With all the fanfare that heralded his election, Adamu has become the latest addition to a long list of northern Muslim men to occupy the nation’s top positions: president, senate president, party chairman, chief justice of the supreme court, in addition to the security chiefs. I do not know if this lopsidedness is a deliberate act of emasculation of the Christian community, but it obviously does not bode well for our diversity, internal harmony and unity as a pluralistic nation. I must thank Nigeria’s large Christian community for their patience, maturity and understanding. The fact that they have not been agitating violently speaks to the inherent forbearance in the teachings of Christ. The nation had been spared further crises with its tolerance and moderation.

With this kind of religious imbalance, it should be obvious to Tinubu and his supporters that APC cannot afford to field a southern Muslim presidential candidate who will most likely pick a northern Muslim running mate. The Christian population in the north is too small, disparate and politically weak to produce a running mate at the top of the ticket. It was for this reason that Chief MKO Abiola was advised to drop his earlier choice of Chief Pascal Bafyau, a Christian from Adamawa State, as a running mate in 1993.

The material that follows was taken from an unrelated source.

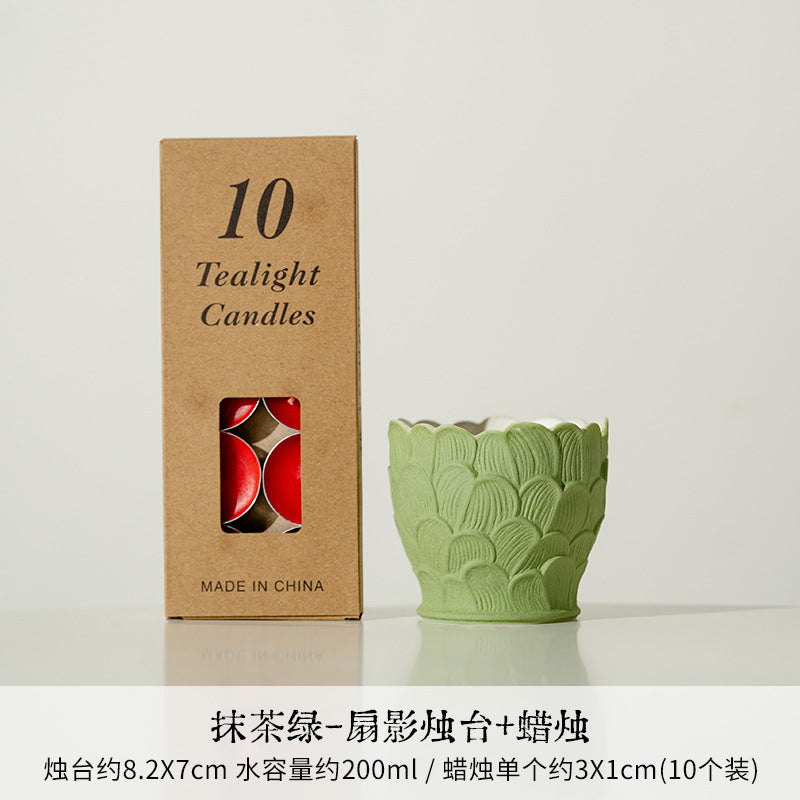 Authentic Matcha Green Cloud-Shadow Minimalist Ceramic Censer - 11cm Teaware Accessories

Similarly, Tinubu will have no other option than to choose another Muslim from the north as his vice-presidential candidate. It would be a monumental political disaster for his party and a clear case of religious insensitivity to the nation’s over 60 million Christians in these very challenging times. In fact, the party will perform woefully in the elections next year if it dares to field all-Muslim candidates. Fielding a Muslim-Muslim ticket will therefore unravel the president’s legacy and hurt the party irreparably. This is not 1993. The Buhari administration has achieved a lot in the areas of food production, infrastructural development and transportation, but due to persistent violent crimes and terrorist activities in the country, its approval rating has been plummeting among certain population groups. The major opposition party has capitalised on this to launch vicious campaigns against APC and the government, sometimes overstepping the boundaries of decency. If the APC overstretches its luck and takes Nigerians for granted through insensitive political miscalculations, it will face the risk of a devastating defeat at the polls next year.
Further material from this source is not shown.